ANYWAY, so the past year especially, I just get soooo emotionally drained after spending a weekend with his family. Now my husband is getting that way, too. It's so sad! I think being around my family, which is very supportive and tight-knit and knows so much about each other (his family has 3 topics they discuss, not joking: guns, engineering and cars. nothing personal, EVER), has made him see what really goes on with his family. His brothers ALWAYS, CONSTANTLY are digging at him, and his father a lot of times, too. We just spent a weekend with them and we BOTH were emotionally exhausted.
I guess I'm doing this more to vent than anything else. My husband, by the way, is COMPLETELY opposite of his brothers and father. How? I'm not sure, but I thank GOD that he is. He is sweet, sensitive and kind. Sure, sometimes that generational pattern from his family of "I know everything and am right about everything" comes out, but we all have generational patterns we have to fight to become better people. We are just so worn out, and while on some levels I'm comforted that my husband and I are on the same level with this and understand each other's frustrations, it breaks my heart that even he gets emotionally worn out by his family and is good with not seeing them AT LEAST for another 6 weeks, if not longer.
So for a question: what can he and I do to make this situation better? We feel like we are establishing our boundaries and are even discussing amongst each other our game plan for when we decide to have children, but what else can we do?
Re: Issues with In-laws & Brothers-in-law
For starters, stop comparing your two families. Just don't. Your DH didn't pick his family and yes it's kind of crummy that they are the way they are, but you are not going to change them.

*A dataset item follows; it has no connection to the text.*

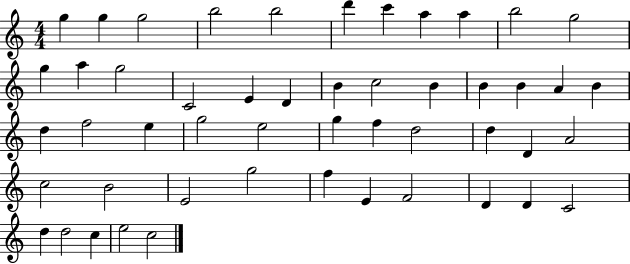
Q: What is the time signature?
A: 4/4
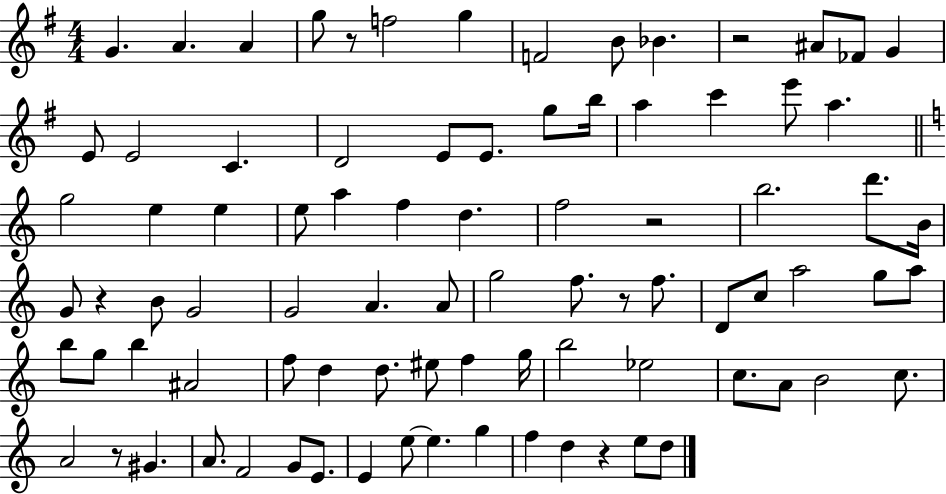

The best approach is to ask your DH what kind of relationship he wants. How often does he want to visit? It's great that you are establishing your boundaries (although probably keep future children out of the picture for now). Sometimes just knowing the other family is batsh*t crazy makes the situation feel less dire. You at least know what to expect. It's up to him how much he wants to see them and what you both will and won't put up with - and what to do if they cross the line.
Your H can't stand up for himself. He should have kept his distance from his 2 brothers years ago.
And ditto for his father; your H needed to tell his father to stfu when it comes to you. Nice.... he cannot take YOUR SIDE>
You have an H problem.
He knows full well that there is a problem with these guys and yet he sees nothing wrong with wecoming them into your lives to the point where you and your H spend weekends with them.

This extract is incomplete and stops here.